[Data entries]
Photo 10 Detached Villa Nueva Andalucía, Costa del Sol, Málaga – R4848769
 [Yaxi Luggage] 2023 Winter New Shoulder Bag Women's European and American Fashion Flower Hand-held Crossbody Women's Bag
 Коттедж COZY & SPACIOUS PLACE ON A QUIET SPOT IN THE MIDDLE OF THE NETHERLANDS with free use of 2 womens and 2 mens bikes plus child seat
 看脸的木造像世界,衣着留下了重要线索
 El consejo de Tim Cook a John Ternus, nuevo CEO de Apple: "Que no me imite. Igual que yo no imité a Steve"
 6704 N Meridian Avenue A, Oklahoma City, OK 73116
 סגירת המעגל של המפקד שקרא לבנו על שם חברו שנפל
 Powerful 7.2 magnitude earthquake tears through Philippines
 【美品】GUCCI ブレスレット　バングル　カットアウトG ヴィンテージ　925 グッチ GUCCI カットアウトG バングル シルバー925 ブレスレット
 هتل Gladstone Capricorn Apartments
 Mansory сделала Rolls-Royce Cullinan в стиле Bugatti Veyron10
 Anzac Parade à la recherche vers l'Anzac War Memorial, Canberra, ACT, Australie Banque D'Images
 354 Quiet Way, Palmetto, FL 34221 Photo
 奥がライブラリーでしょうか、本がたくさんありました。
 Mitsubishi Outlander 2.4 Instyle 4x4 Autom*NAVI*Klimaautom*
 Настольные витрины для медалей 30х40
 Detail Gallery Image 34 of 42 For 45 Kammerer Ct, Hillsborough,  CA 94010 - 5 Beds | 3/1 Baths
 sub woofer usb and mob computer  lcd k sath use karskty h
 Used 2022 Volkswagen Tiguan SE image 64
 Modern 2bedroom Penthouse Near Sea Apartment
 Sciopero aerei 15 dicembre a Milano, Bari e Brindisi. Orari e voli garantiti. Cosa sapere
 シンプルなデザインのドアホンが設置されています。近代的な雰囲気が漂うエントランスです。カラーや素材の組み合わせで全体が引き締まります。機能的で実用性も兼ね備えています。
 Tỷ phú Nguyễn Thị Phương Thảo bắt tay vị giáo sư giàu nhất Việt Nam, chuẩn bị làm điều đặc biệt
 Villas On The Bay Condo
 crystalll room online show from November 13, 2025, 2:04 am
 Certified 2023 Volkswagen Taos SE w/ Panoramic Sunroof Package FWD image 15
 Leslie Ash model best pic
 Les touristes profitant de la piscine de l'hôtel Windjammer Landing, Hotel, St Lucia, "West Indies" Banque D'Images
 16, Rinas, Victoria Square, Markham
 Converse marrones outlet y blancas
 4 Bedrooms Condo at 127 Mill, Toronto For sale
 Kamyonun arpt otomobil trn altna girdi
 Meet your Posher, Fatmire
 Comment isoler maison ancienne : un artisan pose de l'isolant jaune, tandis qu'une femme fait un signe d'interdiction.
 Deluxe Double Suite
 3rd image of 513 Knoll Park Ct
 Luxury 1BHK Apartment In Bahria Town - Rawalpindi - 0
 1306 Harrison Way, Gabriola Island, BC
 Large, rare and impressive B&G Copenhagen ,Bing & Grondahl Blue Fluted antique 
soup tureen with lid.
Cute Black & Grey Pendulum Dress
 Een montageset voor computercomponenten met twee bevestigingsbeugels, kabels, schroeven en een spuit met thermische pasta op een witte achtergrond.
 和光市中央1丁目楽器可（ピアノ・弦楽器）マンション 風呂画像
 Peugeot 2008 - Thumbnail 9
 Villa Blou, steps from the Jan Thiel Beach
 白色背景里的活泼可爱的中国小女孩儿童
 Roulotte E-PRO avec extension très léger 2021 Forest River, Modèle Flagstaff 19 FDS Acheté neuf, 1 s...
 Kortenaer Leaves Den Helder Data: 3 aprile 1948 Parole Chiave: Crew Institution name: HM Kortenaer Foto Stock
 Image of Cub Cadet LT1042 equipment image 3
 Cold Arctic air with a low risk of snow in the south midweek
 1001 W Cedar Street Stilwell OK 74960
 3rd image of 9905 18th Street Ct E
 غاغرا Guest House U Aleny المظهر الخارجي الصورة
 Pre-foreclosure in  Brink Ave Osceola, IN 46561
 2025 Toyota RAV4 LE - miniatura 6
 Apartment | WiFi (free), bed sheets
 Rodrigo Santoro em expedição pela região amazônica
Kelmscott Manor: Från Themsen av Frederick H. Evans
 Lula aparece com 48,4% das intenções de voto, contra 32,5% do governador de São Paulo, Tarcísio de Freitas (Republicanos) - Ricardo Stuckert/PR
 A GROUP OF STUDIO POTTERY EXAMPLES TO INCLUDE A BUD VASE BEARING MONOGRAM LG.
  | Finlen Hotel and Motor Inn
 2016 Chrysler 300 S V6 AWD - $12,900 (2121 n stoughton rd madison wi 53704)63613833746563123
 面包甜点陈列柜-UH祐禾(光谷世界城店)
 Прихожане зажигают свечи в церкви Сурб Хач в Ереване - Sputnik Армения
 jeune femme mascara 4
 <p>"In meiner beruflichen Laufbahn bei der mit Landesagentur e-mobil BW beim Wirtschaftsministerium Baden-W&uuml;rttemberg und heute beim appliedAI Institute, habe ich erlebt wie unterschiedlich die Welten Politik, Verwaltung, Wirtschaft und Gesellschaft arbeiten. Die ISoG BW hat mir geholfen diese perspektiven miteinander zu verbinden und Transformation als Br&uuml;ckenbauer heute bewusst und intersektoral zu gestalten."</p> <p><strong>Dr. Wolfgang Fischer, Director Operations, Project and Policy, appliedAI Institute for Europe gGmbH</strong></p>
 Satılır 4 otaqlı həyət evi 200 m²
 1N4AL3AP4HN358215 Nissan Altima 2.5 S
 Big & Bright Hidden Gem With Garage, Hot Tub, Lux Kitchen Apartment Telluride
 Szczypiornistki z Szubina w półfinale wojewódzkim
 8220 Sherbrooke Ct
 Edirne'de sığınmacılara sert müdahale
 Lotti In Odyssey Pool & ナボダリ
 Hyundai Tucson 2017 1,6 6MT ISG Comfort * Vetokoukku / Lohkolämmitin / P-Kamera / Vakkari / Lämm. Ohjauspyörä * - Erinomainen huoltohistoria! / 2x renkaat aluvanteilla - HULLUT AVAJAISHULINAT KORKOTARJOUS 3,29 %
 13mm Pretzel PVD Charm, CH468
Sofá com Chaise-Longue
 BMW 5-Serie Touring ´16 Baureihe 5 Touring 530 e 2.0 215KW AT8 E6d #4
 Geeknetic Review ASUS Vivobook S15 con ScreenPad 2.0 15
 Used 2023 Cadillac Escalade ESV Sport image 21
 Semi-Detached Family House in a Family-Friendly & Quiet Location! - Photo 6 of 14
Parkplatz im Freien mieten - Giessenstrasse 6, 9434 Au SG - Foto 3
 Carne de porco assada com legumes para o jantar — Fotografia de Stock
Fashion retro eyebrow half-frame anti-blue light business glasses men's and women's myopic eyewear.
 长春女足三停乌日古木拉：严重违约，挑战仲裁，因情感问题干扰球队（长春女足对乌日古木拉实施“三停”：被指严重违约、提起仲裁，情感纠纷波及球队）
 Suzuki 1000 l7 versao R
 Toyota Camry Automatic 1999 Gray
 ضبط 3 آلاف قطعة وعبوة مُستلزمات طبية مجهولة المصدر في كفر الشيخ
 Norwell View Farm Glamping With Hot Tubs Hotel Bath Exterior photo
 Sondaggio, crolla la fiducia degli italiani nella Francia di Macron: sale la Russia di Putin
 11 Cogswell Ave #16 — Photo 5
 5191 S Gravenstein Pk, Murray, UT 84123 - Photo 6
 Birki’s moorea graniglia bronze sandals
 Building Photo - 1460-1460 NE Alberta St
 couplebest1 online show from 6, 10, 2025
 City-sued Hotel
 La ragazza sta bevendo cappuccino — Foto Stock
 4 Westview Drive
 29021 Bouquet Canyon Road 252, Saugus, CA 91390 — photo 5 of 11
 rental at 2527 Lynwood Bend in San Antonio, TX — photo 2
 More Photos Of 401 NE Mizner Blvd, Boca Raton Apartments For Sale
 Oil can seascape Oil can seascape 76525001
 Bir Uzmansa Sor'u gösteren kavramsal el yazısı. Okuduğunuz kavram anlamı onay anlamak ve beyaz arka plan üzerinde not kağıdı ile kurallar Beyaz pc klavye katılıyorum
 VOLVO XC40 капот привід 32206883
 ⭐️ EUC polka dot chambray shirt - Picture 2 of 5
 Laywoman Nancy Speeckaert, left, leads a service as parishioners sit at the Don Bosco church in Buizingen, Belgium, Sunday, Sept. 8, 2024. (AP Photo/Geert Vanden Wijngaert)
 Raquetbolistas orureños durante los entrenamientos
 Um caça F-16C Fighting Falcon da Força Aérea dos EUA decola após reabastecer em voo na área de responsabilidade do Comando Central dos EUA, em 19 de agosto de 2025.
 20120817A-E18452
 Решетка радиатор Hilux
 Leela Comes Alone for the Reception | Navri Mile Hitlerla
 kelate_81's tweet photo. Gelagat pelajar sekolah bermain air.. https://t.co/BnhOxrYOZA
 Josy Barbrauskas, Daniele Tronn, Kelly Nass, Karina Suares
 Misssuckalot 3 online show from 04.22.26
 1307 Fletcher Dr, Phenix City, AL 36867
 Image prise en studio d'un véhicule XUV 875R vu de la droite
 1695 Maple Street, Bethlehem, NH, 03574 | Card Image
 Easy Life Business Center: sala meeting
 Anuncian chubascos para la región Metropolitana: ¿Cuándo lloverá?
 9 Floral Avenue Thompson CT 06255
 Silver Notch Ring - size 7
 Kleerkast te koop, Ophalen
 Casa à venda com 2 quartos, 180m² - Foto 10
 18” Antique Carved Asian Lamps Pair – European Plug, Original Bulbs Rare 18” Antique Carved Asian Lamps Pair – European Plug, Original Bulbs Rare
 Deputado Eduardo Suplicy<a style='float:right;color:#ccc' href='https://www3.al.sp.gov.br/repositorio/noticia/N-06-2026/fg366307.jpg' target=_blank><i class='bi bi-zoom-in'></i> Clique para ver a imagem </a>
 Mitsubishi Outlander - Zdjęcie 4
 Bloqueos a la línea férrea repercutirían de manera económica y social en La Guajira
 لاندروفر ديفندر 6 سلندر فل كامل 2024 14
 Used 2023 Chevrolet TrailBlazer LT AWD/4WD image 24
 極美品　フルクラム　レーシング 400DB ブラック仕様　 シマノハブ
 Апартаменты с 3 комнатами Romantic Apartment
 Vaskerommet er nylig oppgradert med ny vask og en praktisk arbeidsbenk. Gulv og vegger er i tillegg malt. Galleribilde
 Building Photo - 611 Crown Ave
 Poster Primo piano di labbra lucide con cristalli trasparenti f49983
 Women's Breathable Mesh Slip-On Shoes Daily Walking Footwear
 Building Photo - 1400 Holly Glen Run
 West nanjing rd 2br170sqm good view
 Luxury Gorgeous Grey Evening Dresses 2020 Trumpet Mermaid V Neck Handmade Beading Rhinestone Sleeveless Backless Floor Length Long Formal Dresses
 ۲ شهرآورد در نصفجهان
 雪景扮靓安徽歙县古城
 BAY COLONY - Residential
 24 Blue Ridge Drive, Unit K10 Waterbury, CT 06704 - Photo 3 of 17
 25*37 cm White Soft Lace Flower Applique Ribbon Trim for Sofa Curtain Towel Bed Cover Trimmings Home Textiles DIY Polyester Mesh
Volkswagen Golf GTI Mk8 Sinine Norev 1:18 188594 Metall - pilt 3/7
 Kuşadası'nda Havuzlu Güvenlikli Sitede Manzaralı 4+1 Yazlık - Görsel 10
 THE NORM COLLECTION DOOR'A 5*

> [WHAT YOU HAVE TO DO]
In the data above, find the line with "Women's Breathable Mesh" and the line with "24 Blue Ridge". Retype both, plus every line between them, exactly.

> [TASK RESULT]
 Women's Breathable Mesh Slip-On Shoes Daily Walking Footwear
 Building Photo - 1400 Holly Glen Run
 West nanjing rd 2br170sqm good view
 Luxury Gorgeous Grey Evening Dresses 2020 Trumpet Mermaid V Neck Handmade Beading Rhinestone Sleeveless Backless Floor Length Long Formal Dresses
 ۲ شهرآورد در نصفجهان
 雪景扮靓安徽歙县古城
 BAY COLONY - Residential
 24 Blue Ridge Drive, Unit K10 Waterbury, CT 06704 - Photo 3 of 17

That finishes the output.